Ginger soy skewers with egg noodle salad
12 bamboo skewers
500g chicken breast fillets, cut in thin strips
1 tablespoon reduced-salt soy sauce
1/2 teaspoon sesame oil
1/4 teaspoon five-spice powder
pinch of ground white pepper
1 tablespoon finely grated fresh ginger
3 teaspoons honey
200g dried egg noodles
2 Lebanese cucumbers or
1/2 telegraph cucumber halved lengthways, seeds removed, thinly sliced diagonally
2 medium carrots, peeled in long ribbons
250g tomatoes, sliced, or cherry tomatoes, halved
1/2 cup mint leaves
1/2 cup coriander leaves
1/4 cup lime juice
1 tablespoon rice bran oil
1 tablespoon crushed unsalted peanuts
lime wedges, to serve
Total fat 9g
Saturated fat 2g
Dietary fibre 5g
1 Soak bamboo skewers in a shallow dish of cold water for 30 minutes then drain.

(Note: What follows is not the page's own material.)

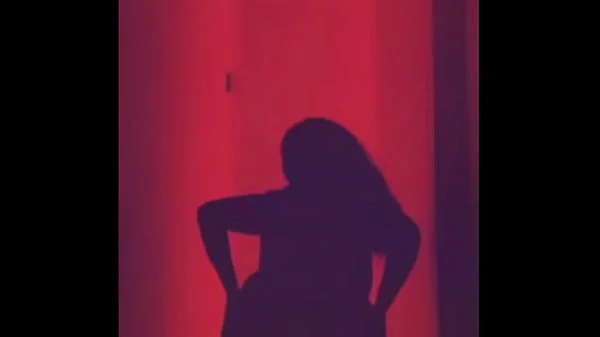 silhouette challenge best ones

2 Meanwhile, combine chicken, soy sauce, sesame oil, five-spice, pepper, ginger and honey in a large bowl. Cover bowl and refrigerate for 10 minutes.

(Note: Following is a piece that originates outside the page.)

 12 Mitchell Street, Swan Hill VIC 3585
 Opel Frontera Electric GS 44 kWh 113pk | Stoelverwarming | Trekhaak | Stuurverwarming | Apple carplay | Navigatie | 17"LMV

3 Cook noodles in a medium saucepan of boiling water according to packet directions. Drain and refresh under cold running water, then drain again and transfer to a large salad bowl. Add cucumbers, carrots, tomatoes, mint, coriander, lime juice and rice bran oil to bowl. Toss to combine.

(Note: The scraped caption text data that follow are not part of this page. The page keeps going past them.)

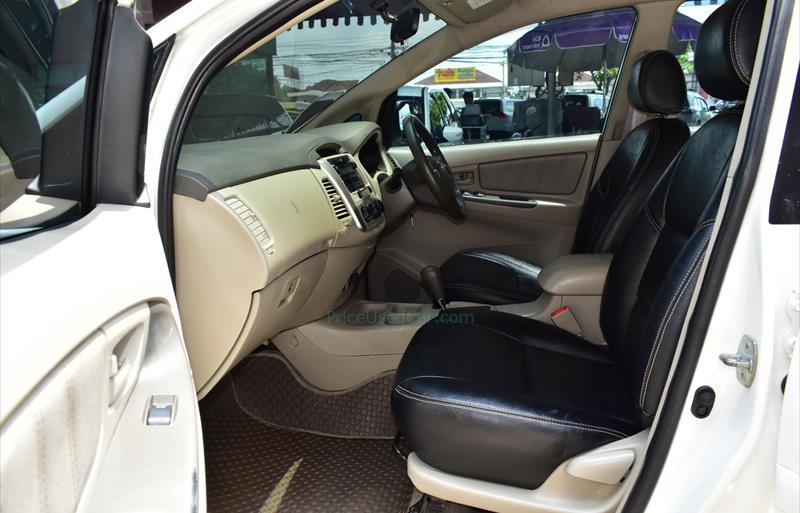 ขายรถตู้มือสอง-toyota-โตโยต้า-innova-อินโนวา-รถปี2012-รหัส69892-b3ef4ea3.jpg ขายรถตู้มือสอง-toyota-โตโยต้า-innova-อินโนวา-รถปี2012-รหัส69892-b3ef4ea3.jpg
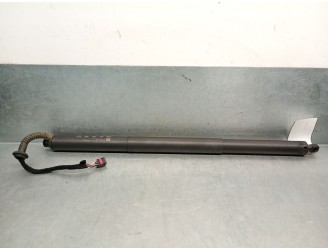 Recambio de amortiguadores maletero / porton para cupra leon sp kl / cfducax0 1.5 leon sp e-hybrid200 referencia OEM IAM 5FE8278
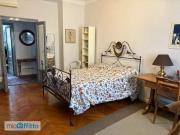 Bilocale arredato Centro storico, brera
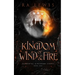 Kingdom of Wind & Fire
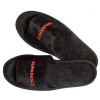 Supadance Slippers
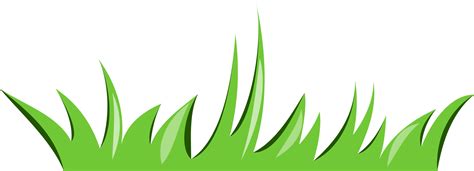 grass clipart. grass transparent background 22584851 PNG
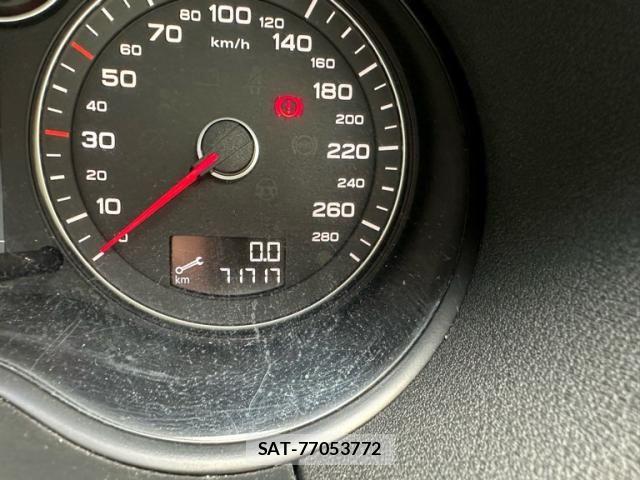 Audi A3 2010-03 8523601-19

4 Thread chicken onto skewers. Heat a grill pan or barbecue hotplate on high. Cook skewers for 1-2 minutes each side or until cooked through.
5 Scatter skewers with crushed peanuts and serve with lime wedges and salad.
- Make it low FODMAP: Replace honey with maple syrup. Check your five spice powder does not include garlic powder. Choose gluten free noodles.
- Make it gluten free: Check soy sauce, five-spice powder and noodles are gluten free.
You can freeze uncooked skewers (or marinated chicken) for up to one month.